A. V-N. : Au départ, je travaillais uniquement avec une pâte à modeler qui durcit ; elles avaient donc une tête très rigide. Par la suite, je n’ai utilisé ce « plastiroc » que pour durcir les autres matériaux. Et, quand j’ai décidé d’encoller aussi les vêtements, j’ai ajouté de l’argile peinte sur le tissu. A un moment, j’ai introduit le crin. En fait, je n’ai pas de ligne prédéfinie. J’entasse des tas de choses, des perles, des branches… Il n’y a pas un choix, c’est quelque chose qui s’impose à un moment. 

J’ai apporté ici une série qui sont assez proches, et que j’appelle « mes poupées de guerre», parce que je les ai commencées juste au moment où a commencé la guerre d’Irak. C’était à l’époque où l’on venait de tailler la vigne.

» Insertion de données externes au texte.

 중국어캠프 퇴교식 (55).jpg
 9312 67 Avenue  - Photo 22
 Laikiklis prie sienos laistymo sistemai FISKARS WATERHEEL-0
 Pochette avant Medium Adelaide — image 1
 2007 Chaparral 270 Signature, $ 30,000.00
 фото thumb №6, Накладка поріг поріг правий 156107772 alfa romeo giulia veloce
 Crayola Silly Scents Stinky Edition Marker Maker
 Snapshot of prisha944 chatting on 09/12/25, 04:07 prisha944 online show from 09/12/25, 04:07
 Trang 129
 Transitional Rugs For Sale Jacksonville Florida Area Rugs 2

Or, les sarments de vigne étaient presque noirs. Ils se sont donc imposés dans la composition des poupées. L’enchaînement, en fait, se fait de lui-même, et s’impose. 

 

J. R. : Pourquoi cette récurrence des nez énormes ? Est-ce pour accentuer le côté momifié en faisant ressortir l’os nasal ?… Ou pour une autre raison ?

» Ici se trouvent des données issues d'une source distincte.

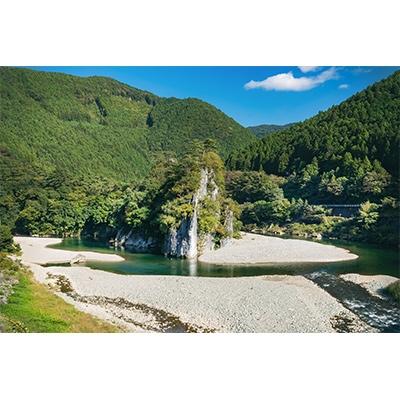 ふるさと納税 久万高原町 面河こんにゃく7個、ぴりりと旨い山椒味噌2個　詰め合わせ |  | 02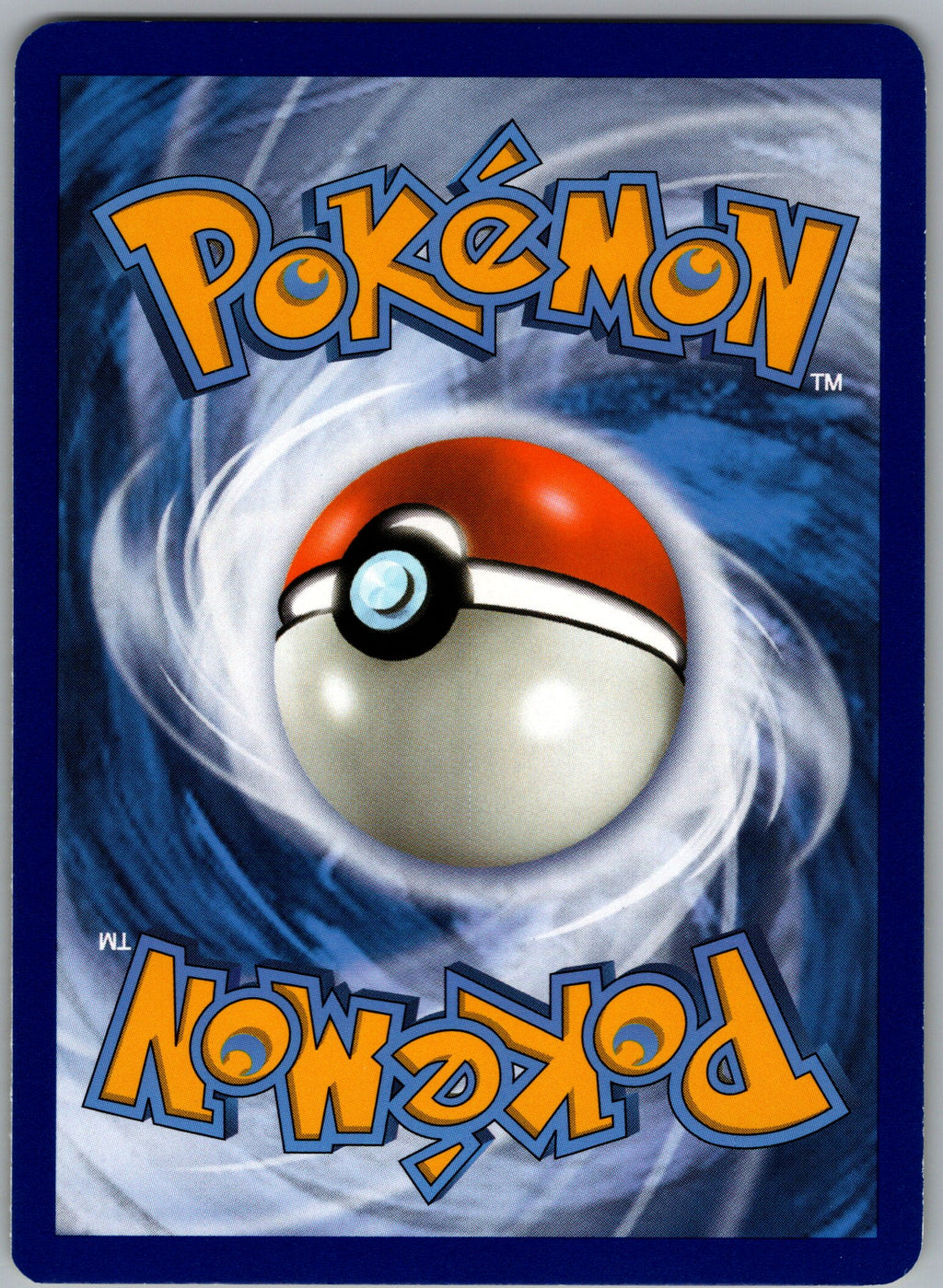 Skarmory (Back) | Near Mint / English / Normal
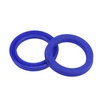 Radial Shaft Seals: Industrial & Scientific Sealing Solutions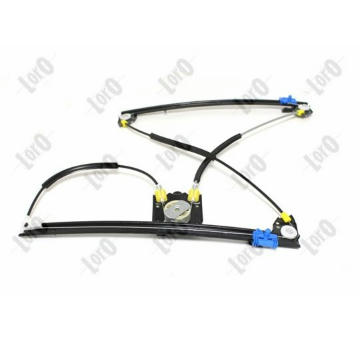 Zvedací zařízení oken ABAKUS 130-042-008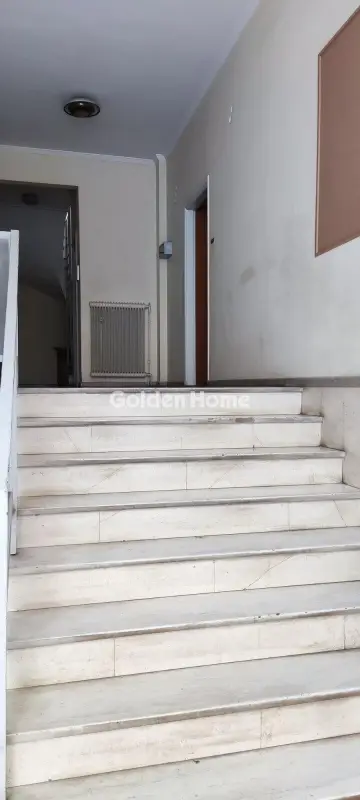 Διαμέρισμα 52τ.μ. προς πώληση φωτογραφία 30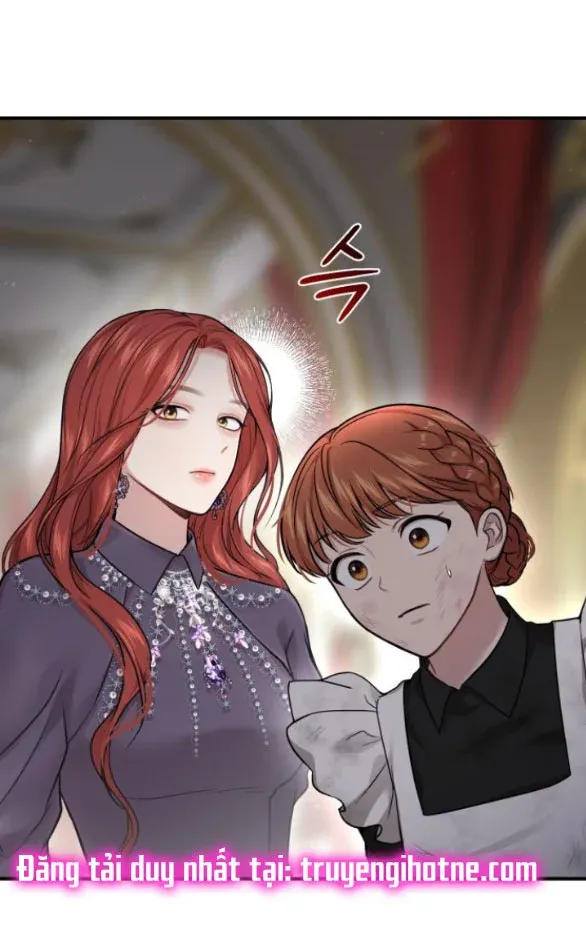 đọc truyện [18+] Phòng Ngủ Bí Mật Của Công Chúa Bị Bỏ Rơi Chương 51.2 ảnh 63 tại Thiên Thai Truyện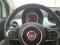 preview Fiat 500 #4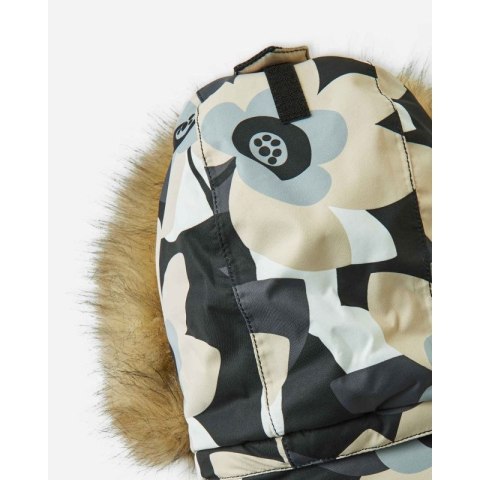 Kombinezon zimowy dziecięcy Reima winter overall - wodoodporny i oddychający (5100040C-9997)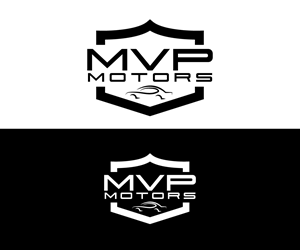 Logo-Design von RaKu 2 für dieses Projekt | Design: #31113327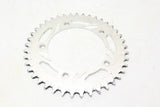 Vortex Sprocket 526A-41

A. V-N. : Je ne réfléchis pas, je ne théorise pas ce que je fais. Je pars d’une chose, et je continue jusqu’à la fin.

 

J. R. : Tout de même, une évidence s’impose, toutes ces poupées sont mortuaires. Vous est-il déjà venu l’idée de les faire avec des airs heureux ?

      A.V-N. : Je ne sais pas si ma mariée a l’air tellement triste ?

 

      J. R. : En fait, avant de vous rencontrer, j’avais noté : « celle-ci pourrait être une mariée,  parce qu’elle a un petit côté érotique du fait de ses seins qui pointent sous sa robe. Et elle est vêtue de blanc ». Pour autant, diriez-vous qu’elle est heureuse ?

       Finalement, quelle définition en donnez-vous ? Dites-vous « mes momies » ? J’ai envisagé également l’idée qu’elles pouvaient être des sorcières ? Ce qui m’a détournée de cette idée, c’est leur raideur, en même temps que leur préciosité et l’absence de toute violence, à plus forte raison de toute malignité. Et puis, Il est évident que la douleur est là. 

       A.V-N. : Au début, en effet, je disais « Mes sorcières ». Mais maintenant, je les appelle « mes poupées ». Je retiens surtout l’idée de poupées magiques. Je les verrais bien avec des installations de petites lumières. Une sorte de culte rendu aux morts, comme dans certaines églises de Naples. Elles me permettent en tout cas de décharger des choses douloureuses de ma vie, c’est en ce sens que je les trouve magiques.

 

CET ENTRETIEN A ETE REALISE LORS DE L'EXPOSITION "LE PRINTEMPS DES SINGULIERS" EN 2003, à l'ESPACE SAINT-MARTIN, 199 BIS RUE SAINT-MARTIN 75003 PARIS.